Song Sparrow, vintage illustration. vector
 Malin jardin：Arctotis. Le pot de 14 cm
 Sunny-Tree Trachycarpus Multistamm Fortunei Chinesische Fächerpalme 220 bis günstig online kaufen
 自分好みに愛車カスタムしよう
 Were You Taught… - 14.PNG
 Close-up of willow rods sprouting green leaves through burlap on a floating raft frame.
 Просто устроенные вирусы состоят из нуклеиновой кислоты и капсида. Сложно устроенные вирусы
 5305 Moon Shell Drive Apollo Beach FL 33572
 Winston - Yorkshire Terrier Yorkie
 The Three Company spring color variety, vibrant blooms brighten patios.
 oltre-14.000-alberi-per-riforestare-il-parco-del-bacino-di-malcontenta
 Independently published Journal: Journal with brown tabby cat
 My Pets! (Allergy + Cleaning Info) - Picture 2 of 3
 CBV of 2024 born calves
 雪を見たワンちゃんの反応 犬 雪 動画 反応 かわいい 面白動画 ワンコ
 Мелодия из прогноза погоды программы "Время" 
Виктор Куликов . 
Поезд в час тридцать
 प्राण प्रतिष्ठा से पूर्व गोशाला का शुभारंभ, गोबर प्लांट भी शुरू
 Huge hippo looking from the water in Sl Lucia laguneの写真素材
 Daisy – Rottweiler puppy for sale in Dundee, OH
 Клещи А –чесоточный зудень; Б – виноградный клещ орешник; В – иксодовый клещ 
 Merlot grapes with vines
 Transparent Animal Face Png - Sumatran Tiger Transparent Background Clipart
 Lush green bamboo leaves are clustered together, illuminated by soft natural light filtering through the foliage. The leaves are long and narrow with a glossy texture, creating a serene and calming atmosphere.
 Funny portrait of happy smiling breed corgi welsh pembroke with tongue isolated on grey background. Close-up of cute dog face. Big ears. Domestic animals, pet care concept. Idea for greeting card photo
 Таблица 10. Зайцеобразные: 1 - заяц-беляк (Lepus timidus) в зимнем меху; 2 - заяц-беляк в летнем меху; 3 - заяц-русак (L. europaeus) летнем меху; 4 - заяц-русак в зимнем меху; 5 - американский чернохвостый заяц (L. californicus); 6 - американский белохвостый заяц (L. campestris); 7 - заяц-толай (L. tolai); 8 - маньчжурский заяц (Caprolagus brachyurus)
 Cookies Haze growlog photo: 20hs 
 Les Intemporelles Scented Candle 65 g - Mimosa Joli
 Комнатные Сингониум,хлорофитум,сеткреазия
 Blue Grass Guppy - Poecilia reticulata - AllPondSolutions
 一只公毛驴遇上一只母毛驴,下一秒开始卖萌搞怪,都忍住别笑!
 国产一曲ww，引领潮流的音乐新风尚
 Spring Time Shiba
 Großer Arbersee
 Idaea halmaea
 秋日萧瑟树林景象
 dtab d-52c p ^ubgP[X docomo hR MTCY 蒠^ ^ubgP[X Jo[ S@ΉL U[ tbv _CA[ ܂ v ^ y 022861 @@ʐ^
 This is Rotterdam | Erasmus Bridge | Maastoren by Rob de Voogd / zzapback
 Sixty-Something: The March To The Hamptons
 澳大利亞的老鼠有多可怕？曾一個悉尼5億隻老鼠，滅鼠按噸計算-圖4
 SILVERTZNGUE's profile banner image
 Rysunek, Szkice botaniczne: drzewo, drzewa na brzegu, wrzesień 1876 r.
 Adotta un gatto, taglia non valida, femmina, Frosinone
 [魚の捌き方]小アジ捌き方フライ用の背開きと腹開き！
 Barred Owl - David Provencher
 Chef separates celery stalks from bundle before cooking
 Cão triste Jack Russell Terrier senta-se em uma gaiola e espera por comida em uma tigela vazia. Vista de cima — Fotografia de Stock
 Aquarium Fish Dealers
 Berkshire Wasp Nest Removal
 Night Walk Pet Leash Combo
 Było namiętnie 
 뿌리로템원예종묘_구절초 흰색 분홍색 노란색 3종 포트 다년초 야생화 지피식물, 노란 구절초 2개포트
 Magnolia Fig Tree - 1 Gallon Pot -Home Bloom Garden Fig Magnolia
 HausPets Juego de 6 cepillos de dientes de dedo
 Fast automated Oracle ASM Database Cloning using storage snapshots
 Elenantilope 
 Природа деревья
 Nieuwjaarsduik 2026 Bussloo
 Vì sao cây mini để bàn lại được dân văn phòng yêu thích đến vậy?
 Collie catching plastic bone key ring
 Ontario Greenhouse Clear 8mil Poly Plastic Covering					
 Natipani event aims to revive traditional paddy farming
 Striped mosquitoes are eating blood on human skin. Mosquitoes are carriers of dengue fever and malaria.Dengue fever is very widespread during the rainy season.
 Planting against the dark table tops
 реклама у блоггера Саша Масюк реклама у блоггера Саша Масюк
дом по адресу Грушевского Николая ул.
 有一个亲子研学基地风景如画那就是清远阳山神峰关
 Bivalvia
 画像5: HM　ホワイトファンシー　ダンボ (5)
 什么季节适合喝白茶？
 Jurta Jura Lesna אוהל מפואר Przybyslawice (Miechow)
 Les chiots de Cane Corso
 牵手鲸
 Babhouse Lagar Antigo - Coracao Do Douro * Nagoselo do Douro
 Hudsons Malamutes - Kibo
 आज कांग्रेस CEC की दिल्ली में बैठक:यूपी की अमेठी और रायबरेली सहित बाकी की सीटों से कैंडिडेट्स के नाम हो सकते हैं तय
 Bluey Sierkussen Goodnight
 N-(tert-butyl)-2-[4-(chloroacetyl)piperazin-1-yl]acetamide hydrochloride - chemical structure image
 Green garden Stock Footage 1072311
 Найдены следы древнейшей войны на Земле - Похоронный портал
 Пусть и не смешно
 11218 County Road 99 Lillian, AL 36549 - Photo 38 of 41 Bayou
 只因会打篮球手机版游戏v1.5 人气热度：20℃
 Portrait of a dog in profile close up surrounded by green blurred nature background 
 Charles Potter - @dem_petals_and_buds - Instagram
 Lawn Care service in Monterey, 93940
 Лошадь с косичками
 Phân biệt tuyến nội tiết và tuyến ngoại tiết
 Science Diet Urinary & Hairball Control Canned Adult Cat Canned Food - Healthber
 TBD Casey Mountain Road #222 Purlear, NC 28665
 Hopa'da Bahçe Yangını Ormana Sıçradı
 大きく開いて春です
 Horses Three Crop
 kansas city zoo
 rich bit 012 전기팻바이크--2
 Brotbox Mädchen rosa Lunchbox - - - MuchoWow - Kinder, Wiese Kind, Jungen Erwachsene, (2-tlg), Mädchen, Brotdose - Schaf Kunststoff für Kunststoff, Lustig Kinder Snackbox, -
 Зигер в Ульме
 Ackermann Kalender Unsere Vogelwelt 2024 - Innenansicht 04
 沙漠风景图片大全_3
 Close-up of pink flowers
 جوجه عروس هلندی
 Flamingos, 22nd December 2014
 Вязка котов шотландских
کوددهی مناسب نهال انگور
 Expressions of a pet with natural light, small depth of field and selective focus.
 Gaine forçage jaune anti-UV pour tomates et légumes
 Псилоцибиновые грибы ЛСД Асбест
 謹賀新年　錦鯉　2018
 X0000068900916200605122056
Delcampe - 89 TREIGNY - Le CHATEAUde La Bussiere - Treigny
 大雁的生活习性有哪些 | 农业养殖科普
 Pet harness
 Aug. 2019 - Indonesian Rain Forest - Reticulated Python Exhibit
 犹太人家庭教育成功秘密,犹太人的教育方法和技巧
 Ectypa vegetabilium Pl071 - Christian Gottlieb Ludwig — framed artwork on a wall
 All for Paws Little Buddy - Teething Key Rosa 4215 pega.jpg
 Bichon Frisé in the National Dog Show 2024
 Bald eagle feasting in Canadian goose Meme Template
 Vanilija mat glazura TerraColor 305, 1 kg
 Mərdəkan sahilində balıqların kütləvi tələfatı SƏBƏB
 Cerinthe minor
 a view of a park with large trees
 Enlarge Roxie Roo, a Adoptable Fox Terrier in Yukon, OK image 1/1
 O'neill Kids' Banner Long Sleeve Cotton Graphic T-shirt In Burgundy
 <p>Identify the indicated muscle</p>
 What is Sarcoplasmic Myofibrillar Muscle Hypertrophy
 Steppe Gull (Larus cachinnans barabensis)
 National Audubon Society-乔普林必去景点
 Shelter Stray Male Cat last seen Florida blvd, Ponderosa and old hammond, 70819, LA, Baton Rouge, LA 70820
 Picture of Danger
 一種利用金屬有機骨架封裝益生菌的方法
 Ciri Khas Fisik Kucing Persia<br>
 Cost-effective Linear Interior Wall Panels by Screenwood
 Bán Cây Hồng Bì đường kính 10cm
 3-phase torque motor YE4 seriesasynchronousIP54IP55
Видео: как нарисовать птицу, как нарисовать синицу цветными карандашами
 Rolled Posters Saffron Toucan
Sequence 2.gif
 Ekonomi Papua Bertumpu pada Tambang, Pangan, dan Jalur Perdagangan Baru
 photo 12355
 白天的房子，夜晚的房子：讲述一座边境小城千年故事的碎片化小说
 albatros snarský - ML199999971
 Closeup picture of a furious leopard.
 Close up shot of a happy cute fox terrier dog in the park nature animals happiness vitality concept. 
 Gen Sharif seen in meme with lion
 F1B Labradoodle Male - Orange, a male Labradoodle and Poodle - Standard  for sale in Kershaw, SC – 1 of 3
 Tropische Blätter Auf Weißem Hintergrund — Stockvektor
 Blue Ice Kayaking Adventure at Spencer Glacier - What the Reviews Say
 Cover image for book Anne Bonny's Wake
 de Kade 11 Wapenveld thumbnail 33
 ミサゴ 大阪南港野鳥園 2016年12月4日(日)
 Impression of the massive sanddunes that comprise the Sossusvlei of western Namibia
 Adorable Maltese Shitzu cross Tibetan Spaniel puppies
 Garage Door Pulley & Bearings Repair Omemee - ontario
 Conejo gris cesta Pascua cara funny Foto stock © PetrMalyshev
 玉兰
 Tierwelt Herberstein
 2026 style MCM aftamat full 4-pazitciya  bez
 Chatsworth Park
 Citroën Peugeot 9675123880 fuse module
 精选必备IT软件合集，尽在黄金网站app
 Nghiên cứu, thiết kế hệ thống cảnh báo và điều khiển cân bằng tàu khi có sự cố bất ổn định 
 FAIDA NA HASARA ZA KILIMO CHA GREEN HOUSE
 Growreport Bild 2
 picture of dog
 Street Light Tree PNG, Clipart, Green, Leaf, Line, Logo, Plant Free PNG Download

■ ■ ■ ■

### Assignment:
From the material above, copy exactly the lines between the line holding "F1B Labradoodle Male" and the line holding "Impression of the", inclusive, and only those.

### Expected answer:
 F1B Labradoodle Male - Orange, a male Labradoodle and Poodle - Standard  for sale in Kershaw, SC – 1 of 3
 Tropische Blätter Auf Weißem Hintergrund — Stockvektor
 Blue Ice Kayaking Adventure at Spencer Glacier - What the Reviews Say
 Cover image for book Anne Bonny's Wake
 de Kade 11 Wapenveld thumbnail 33
 ミサゴ 大阪南港野鳥園 2016年12月4日(日)
 Impression of the massive sanddunes that comprise the Sossusvlei of western Namibia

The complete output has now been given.